<<<<

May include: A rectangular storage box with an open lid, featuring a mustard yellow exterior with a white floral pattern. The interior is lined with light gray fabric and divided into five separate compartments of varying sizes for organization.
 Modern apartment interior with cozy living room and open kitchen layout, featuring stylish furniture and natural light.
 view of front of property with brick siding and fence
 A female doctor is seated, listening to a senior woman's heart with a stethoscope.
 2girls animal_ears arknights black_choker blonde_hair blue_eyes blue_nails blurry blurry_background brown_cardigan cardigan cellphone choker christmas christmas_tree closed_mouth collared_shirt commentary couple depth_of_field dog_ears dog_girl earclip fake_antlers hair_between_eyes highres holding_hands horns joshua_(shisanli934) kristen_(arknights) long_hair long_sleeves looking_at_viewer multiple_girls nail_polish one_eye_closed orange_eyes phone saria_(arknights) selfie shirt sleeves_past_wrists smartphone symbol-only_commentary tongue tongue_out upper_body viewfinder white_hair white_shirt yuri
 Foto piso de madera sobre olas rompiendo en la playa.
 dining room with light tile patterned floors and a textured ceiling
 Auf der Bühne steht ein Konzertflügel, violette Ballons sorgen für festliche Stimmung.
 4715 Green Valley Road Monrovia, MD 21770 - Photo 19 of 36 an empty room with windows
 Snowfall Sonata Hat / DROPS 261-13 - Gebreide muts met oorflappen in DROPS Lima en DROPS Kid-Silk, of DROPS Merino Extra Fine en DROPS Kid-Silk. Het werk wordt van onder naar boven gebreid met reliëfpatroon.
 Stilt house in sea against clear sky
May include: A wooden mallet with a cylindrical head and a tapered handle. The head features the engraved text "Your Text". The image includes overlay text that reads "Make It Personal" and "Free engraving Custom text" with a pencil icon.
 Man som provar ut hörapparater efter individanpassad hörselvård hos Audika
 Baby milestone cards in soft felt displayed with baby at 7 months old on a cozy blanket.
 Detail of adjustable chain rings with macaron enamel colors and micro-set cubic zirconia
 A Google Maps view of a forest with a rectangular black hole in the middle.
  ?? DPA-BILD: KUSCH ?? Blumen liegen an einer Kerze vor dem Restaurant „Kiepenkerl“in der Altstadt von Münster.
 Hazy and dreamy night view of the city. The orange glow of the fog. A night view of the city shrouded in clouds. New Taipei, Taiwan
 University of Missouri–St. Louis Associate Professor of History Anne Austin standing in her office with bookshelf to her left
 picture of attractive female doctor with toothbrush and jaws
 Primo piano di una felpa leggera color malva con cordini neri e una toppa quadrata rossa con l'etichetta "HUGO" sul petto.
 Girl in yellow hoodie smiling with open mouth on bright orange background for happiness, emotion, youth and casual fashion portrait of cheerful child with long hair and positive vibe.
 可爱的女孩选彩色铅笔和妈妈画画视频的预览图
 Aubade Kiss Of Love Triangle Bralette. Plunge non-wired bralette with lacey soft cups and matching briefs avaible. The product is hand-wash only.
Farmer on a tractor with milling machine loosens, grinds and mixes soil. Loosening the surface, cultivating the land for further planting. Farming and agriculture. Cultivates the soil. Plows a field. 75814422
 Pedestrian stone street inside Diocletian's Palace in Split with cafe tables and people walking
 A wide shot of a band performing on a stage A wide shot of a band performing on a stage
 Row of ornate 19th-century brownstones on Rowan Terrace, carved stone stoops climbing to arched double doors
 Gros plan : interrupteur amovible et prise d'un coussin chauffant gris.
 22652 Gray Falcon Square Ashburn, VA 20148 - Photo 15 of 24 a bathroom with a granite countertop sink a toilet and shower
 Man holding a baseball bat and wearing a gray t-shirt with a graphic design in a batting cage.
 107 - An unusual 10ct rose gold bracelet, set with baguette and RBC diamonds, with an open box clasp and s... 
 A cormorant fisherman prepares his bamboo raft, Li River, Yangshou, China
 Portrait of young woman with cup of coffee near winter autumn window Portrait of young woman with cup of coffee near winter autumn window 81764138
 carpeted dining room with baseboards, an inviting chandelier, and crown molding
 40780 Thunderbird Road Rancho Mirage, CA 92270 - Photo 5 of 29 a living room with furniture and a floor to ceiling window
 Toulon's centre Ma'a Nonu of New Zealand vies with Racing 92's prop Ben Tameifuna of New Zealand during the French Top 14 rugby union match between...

>>>>

### DIRECTIONS
All lines above from the one with "May include: A wooden" to the one with "Gros plan : interrupteur", inclusive, should be copied exactly, and no other lines.

### WRITTEN ANSWER
May include: A wooden mallet with a cylindrical head and a tapered handle. The head features the engraved text "Your Text". The image includes overlay text that reads "Make It Personal" and "Free engraving Custom text" with a pencil icon.
 Man som provar ut hörapparater efter individanpassad hörselvård hos Audika
 Baby milestone cards in soft felt displayed with baby at 7 months old on a cozy blanket.
 Detail of adjustable chain rings with macaron enamel colors and micro-set cubic zirconia
 A Google Maps view of a forest with a rectangular black hole in the middle.
  ?? DPA-BILD: KUSCH ?? Blumen liegen an einer Kerze vor dem Restaurant „Kiepenkerl“in der Altstadt von Münster.
 Hazy and dreamy night view of the city. The orange glow of the fog. A night view of the city shrouded in clouds. New Taipei, Taiwan
 University of Missouri–St. Louis Associate Professor of History Anne Austin standing in her office with bookshelf to her left
 picture of attractive female doctor with toothbrush and jaws
 Primo piano di una felpa leggera color malva con cordini neri e una toppa quadrata rossa con l'etichetta "HUGO" sul petto.
 Girl in yellow hoodie smiling with open mouth on bright orange background for happiness, emotion, youth and casual fashion portrait of cheerful child with long hair and positive vibe.
 可爱的女孩选彩色铅笔和妈妈画画视频的预览图
 Aubade Kiss Of Love Triangle Bralette. Plunge non-wired bralette with lacey soft cups and matching briefs avaible. The product is hand-wash only.
Farmer on a tractor with milling machine loosens, grinds and mixes soil. Loosening the surface, cultivating the land for further planting. Farming and agriculture. Cultivates the soil. Plows a field. 75814422
 Pedestrian stone street inside Diocletian's Palace in Split with cafe tables and people walking
 A wide shot of a band performing on a stage A wide shot of a band performing on a stage
 Row of ornate 19th-century brownstones on Rowan Terrace, carved stone stoops climbing to arched double doors
 Gros plan : interrupteur amovible et prise d'un coussin chauffant gris.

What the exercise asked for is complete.